One of the rarest reptiles in the world

The critically endangered Siamese crocodile was once widespread throughout much of mainland Southeast Asia. It is now absent from 99% of its former range and the total number of mature Siamese crocodiles is thought to have declined to an estimated 250 in the wild.

The species was so rare, it was only a chance ‘rediscovery’ of some individuals in Cambodia’s Cardamom Mountains that there’s any conservation programme today at all. That work continues in the same mountain range, where some 400,000 hectares have been protected to save the crocodiles.
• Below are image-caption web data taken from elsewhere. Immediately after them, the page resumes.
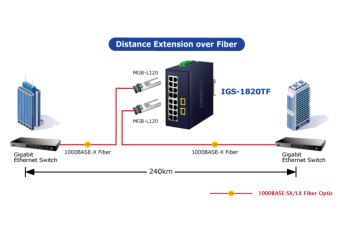 IGS-1820TF Switch, průmyslový, 16x 1Gb, 2x SFP, dual 12-48V DC, 24V AC, -40~+75°C, fanless (1)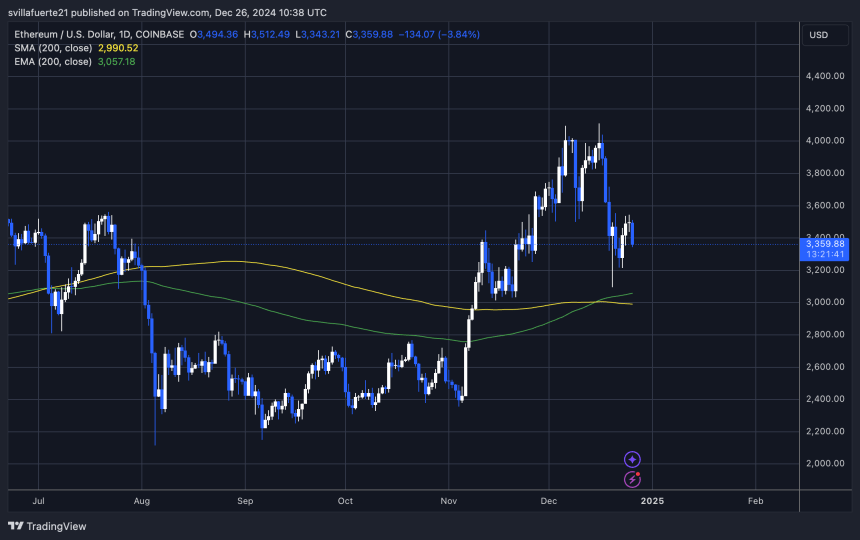 ETH holding above $3,330 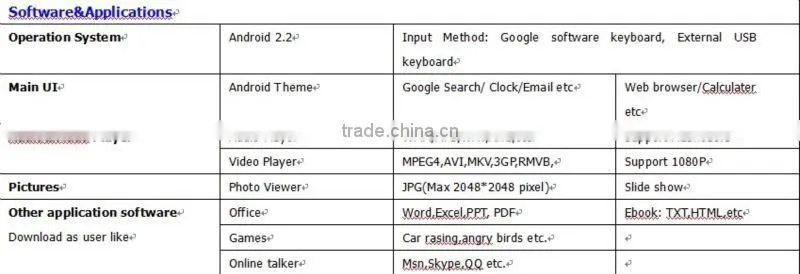 New 8 " Android 2.2 , S5PV210 CPU Cortex A8 1.2 Ghz , 512MB/4GB , 800*600 Pixels , 4800mAh Battery Tablet PC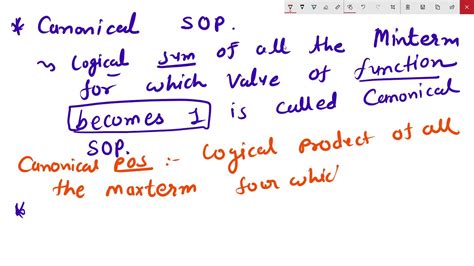 UNIT 3 Canonical SOP And Canonical POS Fundamental Of Digital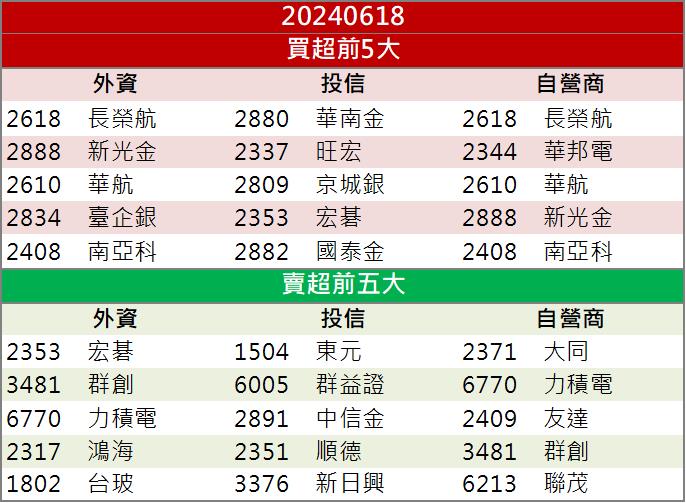 【籌碼K晨報】聯發科入主這一間！股價迎來飆升！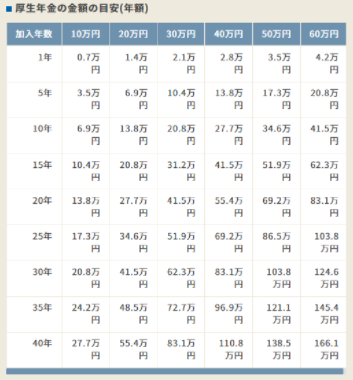 厚生年金の金額の目安(年額)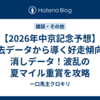 【2026年中京記念予想】過去データから導く好走傾向と消しデータ！波乱の夏マイル重賞を攻略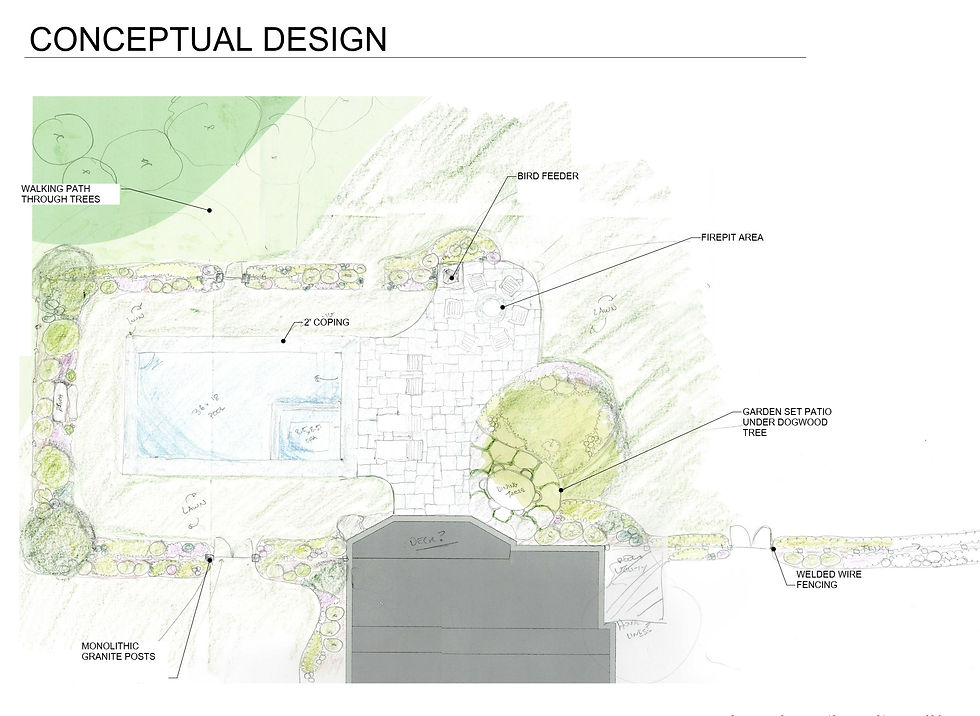 Conceptual design drawing for a pool, stone patio, fire pit and planting on one plan, Rhode Island, by O'Connor Design Build
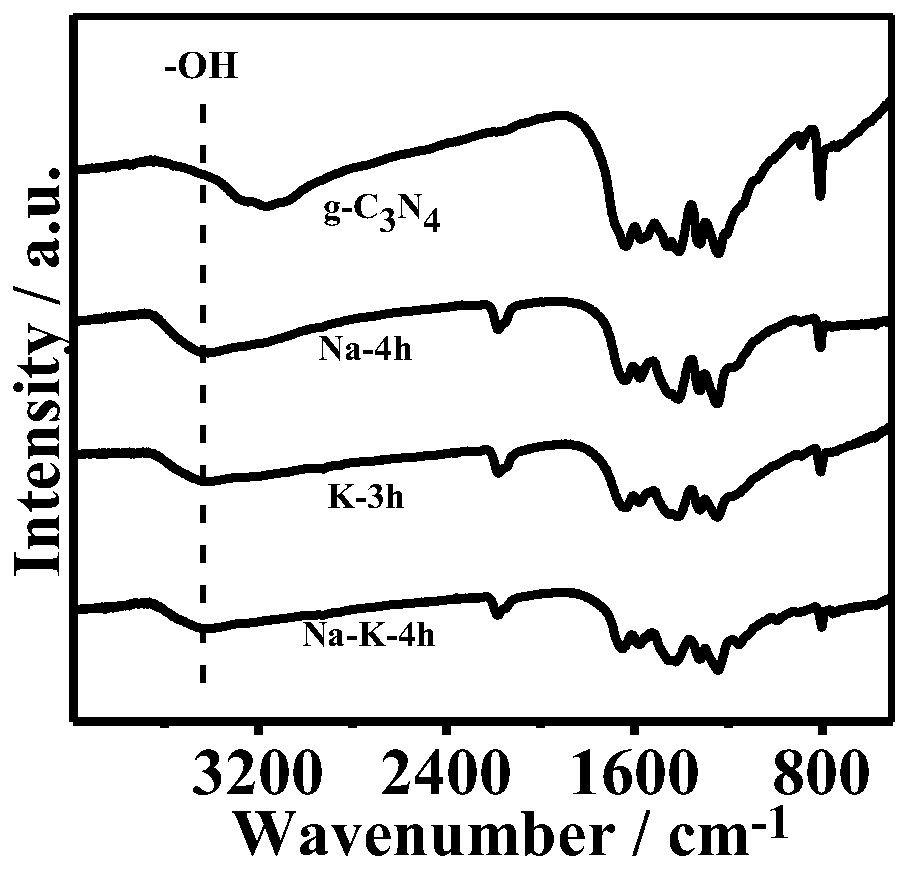 A kind of preparation method of surface-modified g-c3n4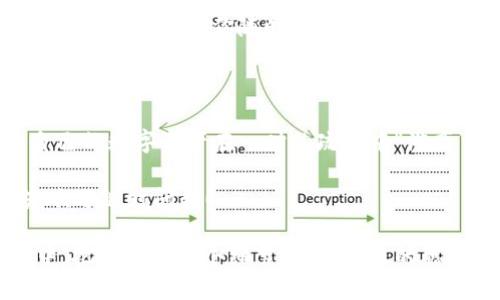 小狐狸钱包就像百满抽屉，能不能清理一下？安全性能如何？

小狐狸钱包, 数字钱包, 加密安全, 数字货币/guanjianci

引言：小狐狸钱包的样子
小狐狸钱包（有些地方也叫“MetaMask”）就像生活中的一个百满抽屉，里面装着你的秘密与财富。它能够安全地存储你的数字资产，同时也提供便捷的服务。享受加密货币的乐趣时，很多人都会问：我能不能把小狐狸钱包删掉？删掉后是否安全？别急，咱一起来深挖一下这个问题！

小狐狸钱包是什么？
首先，让我们简单了解一下小狐狸钱包。作为一个数字钱包，它有点像你生活中的一个小保管箱，只不过它是虚拟的，存在于网络上。它能够让你接收、发送和管理各种加密货币，例如以太坊、ERC-20代币等。用小狐狸钱包就像携带一个迷你银行，不论你身在何处，都可以随时查看你的资产，方便又快捷。

小狐狸钱包的安全性
安全性是使用任何数字钱包时必须考虑的重要因素。小狐狸钱包提供了用户私钥的控制权，也就是说，你的数据和资产掌握在你手中。相较于一些中心化平台，你无需担心有人会轻易访问你的资产。
当然，这并不意味着小狐狸钱包绝对安全。毕竟，网络世界如同一条波涛汹涌的河流，暗藏着无数的机会和风险。为了提高安全性，你需要注意以下几点：
ul
    li保持私钥安全：私钥就像你的房屋钥匙，丢了之后你将无法进入你的VR资产世界。务必妥善保存，不要与他人分享。/li
    li使用强密码：仅仅用数字或简单的字母组合是远远不够的，设计一个复杂的密码就像在门上装上了双重锁。/li
    li启用二步验证：万一有人获得了你的密码，二步验证就像在门口加上了保安，不轻易放人进来。/li
/ul

我可以删掉小狐狸钱包吗？
当然可以！不过在你“清理抽屉”之前，请务必确认你已经备份好所有重要的信息。万一随意删掉导致重要资料丢失，那可不是一件轻松的事情哦！
删除小狐狸钱包的步骤相对简单。可以直接卸载应用程序，或者从浏览器中移除扩展程序。如果是 мобильная версия，文件在设备上，直接删除就行。

删除后安全吗？
在你删除小狐狸钱包后，它的应用程序会完全消失，而你之前在钱包中的资产，并不会因为你卸载钱包而消失。只要你的私钥和备份是安全的，那么你随时都可以重新下载小狐狸钱包，用新的设备配置并恢复你的资产。
不过，记得多加小心哦！删除钱包之后，千万不要轻易丢弃备份材料。一旦失去便无法再找回，就像丢掉了钥匙生活将变得无比复杂。

总结
小狐狸钱包就像你的财宝保管箱，尽管删除它是可行的，但时刻保持警惕、确保备份完整是重要的考量。安全才是第一位的，不要让自己的数字资产在一时的疏忽中“游离”于安全的围墙之外哦！

谁还没点小烦恼呢？希望我们的探讨能让你在管理小狐狸钱包时少些困惑，多点乐趣。如果你还有什么疑惑或需要深入了解的地方，欢迎随时问我！

总之，小狐狸钱包给我们带来了数字资产的便利，但安全与管理都是我们必须不断学习和面对的课题。在这个过于复杂的数字世界中，把握好每一个细节，才是真正的聪明人！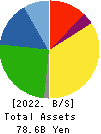 KU HOLDINGS CO.,LTD. Balance Sheet 2022年3月期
It remains one of the world’s rarest reptiles; reduced to small populations due to habitat loss from the expansion of rice farming, continued poaching, accidental entanglement in fishing gear and the construction of hydroelectric dams.

Siamese crocodile by  pDang86 shutterstock
Photo credit pDang86, Shutterstock

Restoring the population

In a new project that began in 2023, PTES partner Fauna & Flora International (FFI) is continuing to breed crocodiles in captivity with a view to releasing them into the wild. A total of 25 were released in 2022, and FFI hopes to increase the wild population by 150 over the next two years.

As well as carrying out crocodile releases and then monitoring how those animals are faring using radio telemetry and satellite tags, FFI also plans to train more community wardens to patrol sanctuaries looking for evidence of poaching and illegal fishing nets. It will also aim to raise conservation awareness among local people.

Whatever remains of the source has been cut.